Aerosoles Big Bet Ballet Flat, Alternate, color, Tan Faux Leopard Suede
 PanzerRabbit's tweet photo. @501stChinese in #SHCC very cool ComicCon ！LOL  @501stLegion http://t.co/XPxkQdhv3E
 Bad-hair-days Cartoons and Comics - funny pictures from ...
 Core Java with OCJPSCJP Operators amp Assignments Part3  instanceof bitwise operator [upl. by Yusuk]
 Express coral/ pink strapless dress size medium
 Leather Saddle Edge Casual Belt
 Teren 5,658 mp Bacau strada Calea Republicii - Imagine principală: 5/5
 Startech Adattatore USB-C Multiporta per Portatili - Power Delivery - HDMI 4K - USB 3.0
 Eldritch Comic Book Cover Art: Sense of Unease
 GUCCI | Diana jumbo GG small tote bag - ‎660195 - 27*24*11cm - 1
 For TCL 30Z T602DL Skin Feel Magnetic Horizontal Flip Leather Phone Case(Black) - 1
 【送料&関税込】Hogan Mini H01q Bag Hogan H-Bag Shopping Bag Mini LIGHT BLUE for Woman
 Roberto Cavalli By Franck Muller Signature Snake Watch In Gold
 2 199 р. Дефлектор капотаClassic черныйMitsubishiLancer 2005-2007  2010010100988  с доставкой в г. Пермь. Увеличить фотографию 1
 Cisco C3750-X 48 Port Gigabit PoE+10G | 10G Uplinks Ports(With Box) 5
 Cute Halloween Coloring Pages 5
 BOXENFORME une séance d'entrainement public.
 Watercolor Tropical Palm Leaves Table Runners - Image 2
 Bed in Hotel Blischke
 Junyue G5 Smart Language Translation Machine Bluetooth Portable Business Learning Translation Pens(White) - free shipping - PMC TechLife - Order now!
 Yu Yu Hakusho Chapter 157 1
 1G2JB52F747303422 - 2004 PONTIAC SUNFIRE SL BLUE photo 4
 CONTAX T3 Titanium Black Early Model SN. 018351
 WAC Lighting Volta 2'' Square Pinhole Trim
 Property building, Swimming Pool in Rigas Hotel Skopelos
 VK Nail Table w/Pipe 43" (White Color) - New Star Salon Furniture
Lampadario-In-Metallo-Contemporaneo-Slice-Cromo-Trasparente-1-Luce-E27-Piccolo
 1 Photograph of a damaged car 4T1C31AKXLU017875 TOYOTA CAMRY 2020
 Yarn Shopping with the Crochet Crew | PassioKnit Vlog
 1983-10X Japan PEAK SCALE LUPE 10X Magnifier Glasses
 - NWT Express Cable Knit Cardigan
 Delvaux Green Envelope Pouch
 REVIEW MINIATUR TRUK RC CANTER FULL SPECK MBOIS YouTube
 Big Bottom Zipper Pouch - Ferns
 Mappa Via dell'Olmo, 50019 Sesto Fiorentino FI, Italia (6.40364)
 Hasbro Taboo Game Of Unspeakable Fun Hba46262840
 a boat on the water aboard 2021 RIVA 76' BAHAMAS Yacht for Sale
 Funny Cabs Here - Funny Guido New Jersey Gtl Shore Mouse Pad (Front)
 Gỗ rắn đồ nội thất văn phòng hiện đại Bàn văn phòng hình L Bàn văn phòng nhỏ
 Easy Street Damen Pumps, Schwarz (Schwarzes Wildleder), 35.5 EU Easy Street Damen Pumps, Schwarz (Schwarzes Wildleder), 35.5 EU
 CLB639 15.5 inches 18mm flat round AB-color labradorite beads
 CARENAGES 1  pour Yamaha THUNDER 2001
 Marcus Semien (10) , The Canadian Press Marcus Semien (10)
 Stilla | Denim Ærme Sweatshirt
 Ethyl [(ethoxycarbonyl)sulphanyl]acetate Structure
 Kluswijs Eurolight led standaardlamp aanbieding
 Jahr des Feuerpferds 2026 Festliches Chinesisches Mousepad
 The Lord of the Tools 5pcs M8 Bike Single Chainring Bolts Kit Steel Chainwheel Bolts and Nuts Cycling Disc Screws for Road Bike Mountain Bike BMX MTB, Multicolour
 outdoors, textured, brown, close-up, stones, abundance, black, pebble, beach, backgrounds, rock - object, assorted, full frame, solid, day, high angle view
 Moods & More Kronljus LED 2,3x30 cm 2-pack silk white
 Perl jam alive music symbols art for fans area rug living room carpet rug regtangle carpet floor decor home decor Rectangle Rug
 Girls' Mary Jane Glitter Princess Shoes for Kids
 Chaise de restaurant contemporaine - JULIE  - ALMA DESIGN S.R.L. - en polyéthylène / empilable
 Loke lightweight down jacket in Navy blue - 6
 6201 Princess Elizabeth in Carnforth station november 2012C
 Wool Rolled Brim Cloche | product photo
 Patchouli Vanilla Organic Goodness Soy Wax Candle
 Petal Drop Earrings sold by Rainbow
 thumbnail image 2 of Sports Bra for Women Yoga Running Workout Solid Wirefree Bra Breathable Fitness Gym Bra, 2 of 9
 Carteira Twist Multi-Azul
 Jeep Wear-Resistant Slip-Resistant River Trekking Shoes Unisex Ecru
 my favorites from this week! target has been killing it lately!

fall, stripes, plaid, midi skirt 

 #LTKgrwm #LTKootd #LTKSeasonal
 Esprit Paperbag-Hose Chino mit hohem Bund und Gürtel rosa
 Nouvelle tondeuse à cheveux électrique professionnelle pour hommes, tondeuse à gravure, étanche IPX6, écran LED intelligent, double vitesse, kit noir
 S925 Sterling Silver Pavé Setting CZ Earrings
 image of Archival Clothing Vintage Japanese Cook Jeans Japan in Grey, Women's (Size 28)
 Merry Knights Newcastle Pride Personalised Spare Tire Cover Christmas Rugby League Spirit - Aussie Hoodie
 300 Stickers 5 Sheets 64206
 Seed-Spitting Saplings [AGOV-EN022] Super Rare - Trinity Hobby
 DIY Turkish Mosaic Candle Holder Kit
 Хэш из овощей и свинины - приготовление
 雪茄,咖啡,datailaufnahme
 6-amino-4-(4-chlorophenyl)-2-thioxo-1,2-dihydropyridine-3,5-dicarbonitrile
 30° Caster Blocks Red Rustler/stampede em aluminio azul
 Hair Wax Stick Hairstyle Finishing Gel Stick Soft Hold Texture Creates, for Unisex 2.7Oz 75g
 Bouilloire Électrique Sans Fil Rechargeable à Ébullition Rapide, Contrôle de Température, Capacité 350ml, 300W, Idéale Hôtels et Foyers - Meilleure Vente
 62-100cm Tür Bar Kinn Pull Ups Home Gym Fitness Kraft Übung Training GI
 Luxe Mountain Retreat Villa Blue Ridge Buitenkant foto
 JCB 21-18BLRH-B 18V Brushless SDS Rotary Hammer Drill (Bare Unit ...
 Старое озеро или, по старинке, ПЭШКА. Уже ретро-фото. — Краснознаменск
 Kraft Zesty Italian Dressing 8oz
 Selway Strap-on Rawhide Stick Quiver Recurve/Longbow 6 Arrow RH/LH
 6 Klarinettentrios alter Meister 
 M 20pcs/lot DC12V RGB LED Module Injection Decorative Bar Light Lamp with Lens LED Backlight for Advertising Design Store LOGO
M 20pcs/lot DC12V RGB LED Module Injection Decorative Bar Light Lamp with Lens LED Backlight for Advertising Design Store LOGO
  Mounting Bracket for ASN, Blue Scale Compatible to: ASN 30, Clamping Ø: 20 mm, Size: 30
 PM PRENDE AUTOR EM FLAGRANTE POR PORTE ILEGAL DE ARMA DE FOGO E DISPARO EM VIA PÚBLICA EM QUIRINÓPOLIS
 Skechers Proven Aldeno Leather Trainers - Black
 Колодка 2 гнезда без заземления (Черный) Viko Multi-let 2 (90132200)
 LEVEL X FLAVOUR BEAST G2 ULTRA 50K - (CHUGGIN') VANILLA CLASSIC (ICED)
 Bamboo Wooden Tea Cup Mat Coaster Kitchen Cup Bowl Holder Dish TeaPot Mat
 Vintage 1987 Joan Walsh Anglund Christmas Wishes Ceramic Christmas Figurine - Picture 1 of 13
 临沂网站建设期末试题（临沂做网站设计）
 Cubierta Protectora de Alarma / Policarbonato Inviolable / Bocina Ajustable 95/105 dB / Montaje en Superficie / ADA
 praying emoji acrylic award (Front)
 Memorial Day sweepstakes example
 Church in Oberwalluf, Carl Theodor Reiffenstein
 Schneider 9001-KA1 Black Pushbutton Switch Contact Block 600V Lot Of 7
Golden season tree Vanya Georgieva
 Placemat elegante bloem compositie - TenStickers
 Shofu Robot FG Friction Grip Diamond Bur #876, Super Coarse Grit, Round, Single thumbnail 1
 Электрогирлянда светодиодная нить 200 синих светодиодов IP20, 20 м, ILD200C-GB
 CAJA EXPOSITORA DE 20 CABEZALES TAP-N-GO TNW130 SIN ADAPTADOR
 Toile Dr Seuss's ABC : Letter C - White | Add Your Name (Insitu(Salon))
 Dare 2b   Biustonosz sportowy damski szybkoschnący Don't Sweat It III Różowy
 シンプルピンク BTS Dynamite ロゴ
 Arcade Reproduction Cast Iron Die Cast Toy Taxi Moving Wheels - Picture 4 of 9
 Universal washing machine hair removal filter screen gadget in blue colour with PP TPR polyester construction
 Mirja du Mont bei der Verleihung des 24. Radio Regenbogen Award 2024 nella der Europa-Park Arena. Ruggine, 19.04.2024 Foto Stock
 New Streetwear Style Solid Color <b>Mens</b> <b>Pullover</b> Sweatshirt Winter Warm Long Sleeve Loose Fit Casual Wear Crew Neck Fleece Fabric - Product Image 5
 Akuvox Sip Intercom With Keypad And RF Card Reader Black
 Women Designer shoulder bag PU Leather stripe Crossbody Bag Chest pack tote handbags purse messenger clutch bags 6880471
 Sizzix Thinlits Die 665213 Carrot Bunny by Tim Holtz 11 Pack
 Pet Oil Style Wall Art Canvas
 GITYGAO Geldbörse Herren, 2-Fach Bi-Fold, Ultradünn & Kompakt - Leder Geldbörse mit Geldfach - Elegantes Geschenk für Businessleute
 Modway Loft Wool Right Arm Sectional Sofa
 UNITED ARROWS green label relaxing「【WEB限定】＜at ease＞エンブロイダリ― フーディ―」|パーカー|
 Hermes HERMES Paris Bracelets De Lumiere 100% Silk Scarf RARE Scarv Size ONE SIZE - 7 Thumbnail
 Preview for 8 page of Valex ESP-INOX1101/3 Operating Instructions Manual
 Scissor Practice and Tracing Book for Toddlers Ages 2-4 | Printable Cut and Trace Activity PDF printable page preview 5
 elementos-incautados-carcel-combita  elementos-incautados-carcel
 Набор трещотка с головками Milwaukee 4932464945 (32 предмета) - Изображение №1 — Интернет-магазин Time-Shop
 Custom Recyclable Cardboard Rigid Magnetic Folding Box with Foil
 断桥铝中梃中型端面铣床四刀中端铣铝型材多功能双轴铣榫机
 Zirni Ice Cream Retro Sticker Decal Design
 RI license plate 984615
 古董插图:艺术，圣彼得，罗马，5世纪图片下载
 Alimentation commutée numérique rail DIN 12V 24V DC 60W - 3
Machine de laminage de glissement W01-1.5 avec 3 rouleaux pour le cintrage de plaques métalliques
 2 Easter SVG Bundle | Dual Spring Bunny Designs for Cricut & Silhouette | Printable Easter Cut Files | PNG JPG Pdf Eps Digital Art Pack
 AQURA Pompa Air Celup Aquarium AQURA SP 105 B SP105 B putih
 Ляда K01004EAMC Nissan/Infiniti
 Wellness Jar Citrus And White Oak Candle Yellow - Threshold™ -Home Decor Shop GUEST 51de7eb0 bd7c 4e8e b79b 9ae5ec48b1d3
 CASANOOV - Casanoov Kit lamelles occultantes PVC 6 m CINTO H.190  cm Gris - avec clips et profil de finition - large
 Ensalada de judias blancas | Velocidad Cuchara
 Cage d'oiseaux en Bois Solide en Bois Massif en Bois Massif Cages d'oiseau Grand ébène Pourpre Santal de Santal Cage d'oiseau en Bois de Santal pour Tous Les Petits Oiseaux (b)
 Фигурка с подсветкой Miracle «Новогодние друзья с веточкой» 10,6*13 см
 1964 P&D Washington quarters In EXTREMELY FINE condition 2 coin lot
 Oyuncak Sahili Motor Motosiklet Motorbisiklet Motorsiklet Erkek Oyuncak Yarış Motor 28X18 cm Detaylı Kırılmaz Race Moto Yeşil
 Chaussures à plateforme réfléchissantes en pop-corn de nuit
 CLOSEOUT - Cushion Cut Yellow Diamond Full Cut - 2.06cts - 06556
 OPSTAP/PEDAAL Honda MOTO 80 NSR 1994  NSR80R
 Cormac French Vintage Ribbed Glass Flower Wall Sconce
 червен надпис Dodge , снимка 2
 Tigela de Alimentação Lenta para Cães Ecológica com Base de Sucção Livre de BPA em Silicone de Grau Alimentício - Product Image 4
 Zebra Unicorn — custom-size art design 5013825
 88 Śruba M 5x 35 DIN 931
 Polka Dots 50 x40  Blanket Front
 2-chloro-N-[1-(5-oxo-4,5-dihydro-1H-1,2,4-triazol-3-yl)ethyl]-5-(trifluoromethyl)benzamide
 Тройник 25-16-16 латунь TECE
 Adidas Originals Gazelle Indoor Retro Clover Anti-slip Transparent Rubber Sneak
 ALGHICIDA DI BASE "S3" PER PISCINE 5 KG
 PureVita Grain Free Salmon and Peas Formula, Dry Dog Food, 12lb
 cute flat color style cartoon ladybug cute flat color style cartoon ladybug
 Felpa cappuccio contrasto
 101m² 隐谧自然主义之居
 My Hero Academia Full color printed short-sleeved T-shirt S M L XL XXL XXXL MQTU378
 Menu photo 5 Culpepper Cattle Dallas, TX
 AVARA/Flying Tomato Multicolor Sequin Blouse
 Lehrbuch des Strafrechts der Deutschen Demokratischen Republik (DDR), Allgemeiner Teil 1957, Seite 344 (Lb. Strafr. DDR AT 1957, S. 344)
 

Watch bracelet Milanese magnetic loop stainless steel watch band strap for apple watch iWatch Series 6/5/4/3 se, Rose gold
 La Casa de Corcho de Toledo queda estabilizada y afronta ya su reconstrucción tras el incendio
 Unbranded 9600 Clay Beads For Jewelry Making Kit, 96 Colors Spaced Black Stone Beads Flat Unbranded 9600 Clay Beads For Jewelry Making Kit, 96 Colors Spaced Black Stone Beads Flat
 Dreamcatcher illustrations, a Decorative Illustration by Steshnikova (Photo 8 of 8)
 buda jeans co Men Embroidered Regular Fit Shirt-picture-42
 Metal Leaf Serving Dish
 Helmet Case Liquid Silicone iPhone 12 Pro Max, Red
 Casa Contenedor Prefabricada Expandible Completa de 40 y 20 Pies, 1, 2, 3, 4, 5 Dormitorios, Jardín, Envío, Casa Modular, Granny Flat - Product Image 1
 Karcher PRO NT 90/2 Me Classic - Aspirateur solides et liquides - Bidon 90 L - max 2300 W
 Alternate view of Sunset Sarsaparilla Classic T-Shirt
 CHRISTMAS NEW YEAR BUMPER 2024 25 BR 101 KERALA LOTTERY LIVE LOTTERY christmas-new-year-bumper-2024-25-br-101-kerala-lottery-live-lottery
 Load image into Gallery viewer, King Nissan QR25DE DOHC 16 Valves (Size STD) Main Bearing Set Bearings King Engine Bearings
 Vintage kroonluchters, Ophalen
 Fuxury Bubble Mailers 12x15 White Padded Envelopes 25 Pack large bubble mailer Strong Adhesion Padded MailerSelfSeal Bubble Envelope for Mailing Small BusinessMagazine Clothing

> [WHAT THIS TASK INVOLVES] An answer consisting of the number alone is required: how many lines in the entries hold the string "tote"?

> [OUTPUT OF THE TASK] 2